I still need to go back and write my review of the David trilogy (the previous three books in this series, which make up an informal trilogy), which didn’t get posted in 2017 alas and alack, but I wanted to make sure and get this review out before I start my next book of 2018. Once again, it seems, I’m starting out the year with an Animorphs Chronicles book, which are hands down my favorite books of the series. These books are honestly one of the reasons I love sci-fi so much. K.A. Applegate does so much with these 200 pages, it’s kind of amazing. And aside from some aliens using American slang (how did they learn it!?!), this book more than holds up, even though I haven’t read it in at least fifteen years, but probably more. It gets to keep that coveted fifth star.

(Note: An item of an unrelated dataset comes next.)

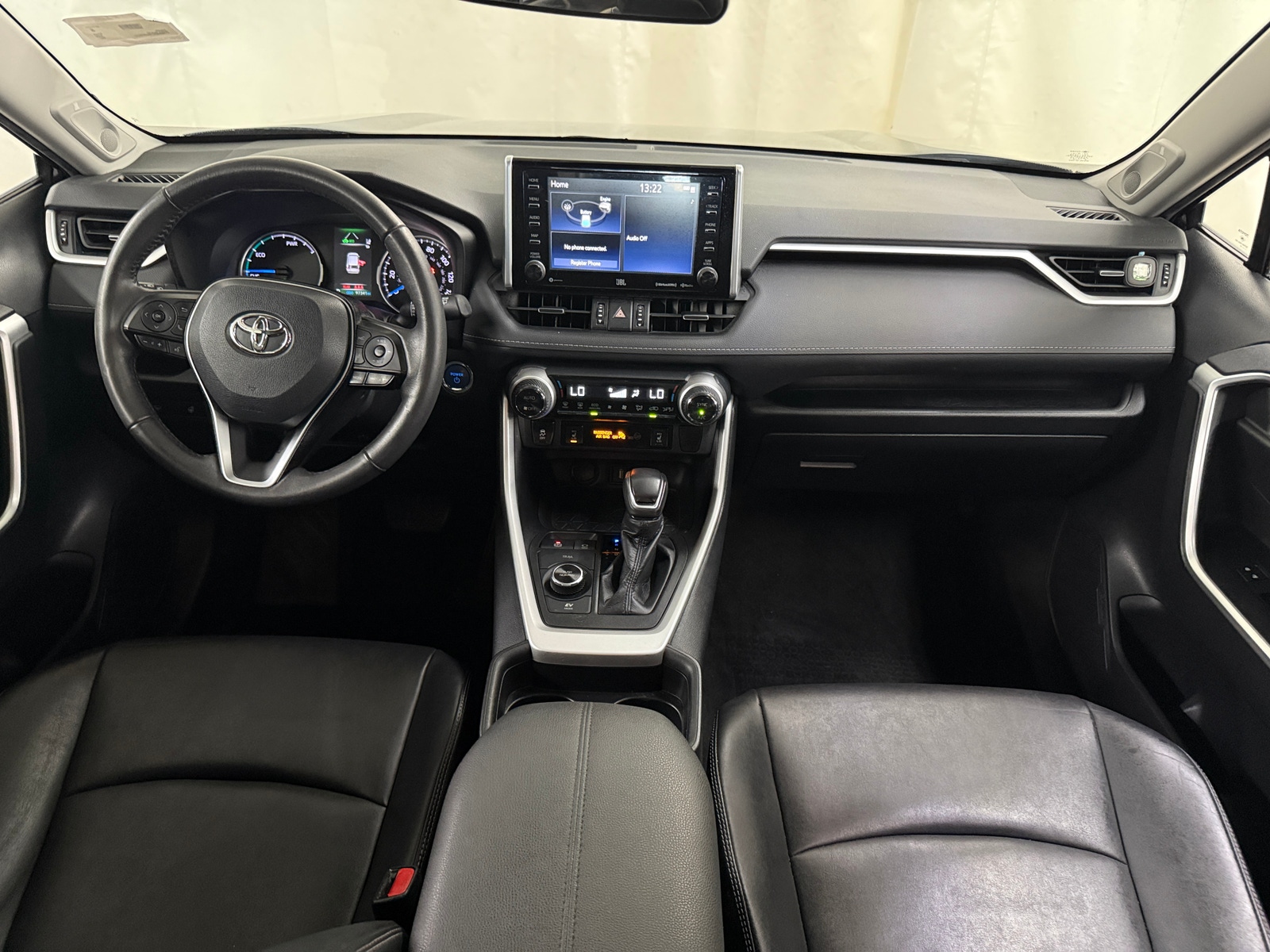 Thumbnail: 2021 Toyota RAV4 - 2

So this book is told in a frame story. Tobias is feeling down so he decides to visit the secret valley where the free Hork-Bajir are in hiding, and he joins them to hear a story after dinner (the Hork-Bajir have an oral storytelling culture). This turns out to be the story of how the Hork-Bajir planet fell to the Yeerks. (Also stealthily stuck in there is the story of Prince Seerow and his family, he of Seerow’s Kindness, the Andalite who gave the Yeerks the proverbial Promethean fire and unleashed them on the galaxy.)
Seerow’s family is essentially exiled to the Hork-Bajir planet under the auspices of keeping watch if the Yeerks show up to claim the Hork-Bajir as hosts, but really, no one expects anything to happen, and the posting is entirely a punishment. Seerow’s young daughter, Aldrea, makes friends with a young Hork-Bajir male named Dak Hamee (Jara Hamee’s grandfather, who passed this story along). Dak is a seer, one of the one in 10,000 Hork-Bajir born with above average intelligence. The Hork-Bajir believe that these seers are born in times of trouble, and that Dak is there for a reason. They soon come to believe this is because the Yeerks have indeed come to conquer the Hork-Bajir. Their bladed bodies (for stripping bark off trees) would make for perfect shock troops, and hosts for the 250,000 Yeerks that made it off the Yeerk homeworld.
This is the very beginning of the Yeerk expansion into the galaxy. Applegate does a great job showing how Andalite hubris and Yeerk greed and violence (along with a yearning to have what other non-parasitical alien species all have) combine to bring about the galaxy-wide war that the rest of the Animorphs series details. But she does this through personalizing it. We get Dak Hamee and Aldrea’s POVs throughout, along with Esplin 9466’s (the future Visser Three). Nothing is as black and white as it seems. Even as Visser Three does despicable things, we also get glimpses of his genuine yearning to exceed his biology, to have eyes and hands and a mouth, to run free under an open sky like the Andalites, to have power and strength like the Hork-Bajir. But my favorite thing about this book is the way that Applegate uses Dak Hamee to condemn the actions of the Andalites, who as we know from the other books in the series, see themselves as heroes and untouchable. Even Aldrea can’t stop herself from taking advantage of her friendship with Dak Hamee, using him and his people for her own purposes.
There were still some moments in this book that made me stop and think as 32 year old. Moments of blurred lines and altered perspectives, and lost innocence. I had expected these moments to lose some of their weight reading this as an adult, but they seemed just as powerful to me now as they did when they were blowing my mind as an adolescent.
Next up, a book I’ve been looking forward to since I started this re-read. Tobias learns some surprising information.